A few friends have asked me to expand on the finding a timber floor adventure so some thoughts follow...
I have already waxed lyrical about Tongue n Groove - Sydney in a previous post, however another discovery is a beautiful supplier in Melbourne - Royal Oak Floors by Harper & Sandilands (pic above). I particularly love their smoked floors and they have gorgeous stair nosing (if stair nosings are your thing?!).
Another incredibly helpful supplier is Havwoods, they have a comprehensive website and can deliver direct. They have a huge range from pale to dark and their Europlank collection is a more affordable option.

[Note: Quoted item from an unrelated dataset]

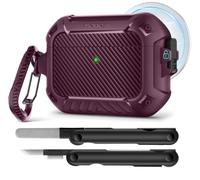 MOBOSI Étui pour AirPods Pro 3, verrouillage sécurisé, bordeaux | Coque en fibre de carbone pour iPod Pro 3e génération, avec kit de nettoyage et porte-clés, coque rigide intégrale antichoc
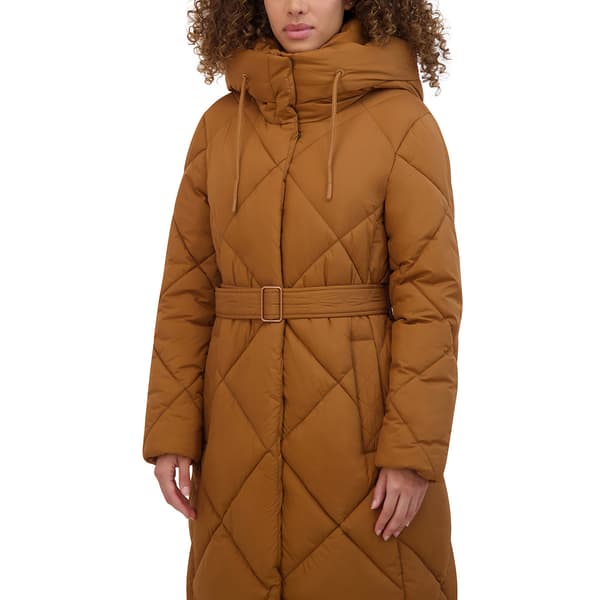 Womens Kenneth Cole® Long  Quilted Puffer Coat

Of course already familiar to most is Porter's Paints who also have a range of wide boards in lots of new colours from white, through natural and grey to black. Always beautiful.
Things I've discovered that should be considered with engineered boards include:
- Colour Bring the sample home and pile your furniture up around it, the colour might be beautiful in isolation but really needs to suit all the objects that surround it.
- Width of board Wider for big rooms, however the really wide ones seem to be susceptible to bowing and bending more, so check the quality. The wide expensive boards are great but I'd probably go for the slightly narrower (less than 190mm) for the cheaper ones. Or at least leave a sample out in the sun for a while and see what happens.
- Length of board I found that the shorter boards tend to look a bit more like the laminates with more joins across the floor but they are cheaper than the longer ones.
- Timber substrate They are all veneered timber (that's the engineered board bit) but some of the ply substrates are really cheap and knotty and apparently make the boards more likely to bow and twist. Other's are oak offcuts (more expensive boards) and therefore more stable.
- Thickness of the veneer They range from about 3mm to 6mm. The thicker they are the more times you can sand them back in the future. The thinner ones probably only have one sand in them, the thicker ones are more like solid timber boards and you can sand them back closer to the tongue and groove.
- Coating/Sealer Same issues as solid boards... gloss, satin lacquer, matt, oiled etc... it's a taste thing.
- To groove or not to groove Some are square edged, some have a big bevel and others are 'micro' bevelled, hard to see in photos and sample pieces so try and see a big area to see how this varies.
- Good luck - I have certainly devoted far more angst to it all than is appropriate.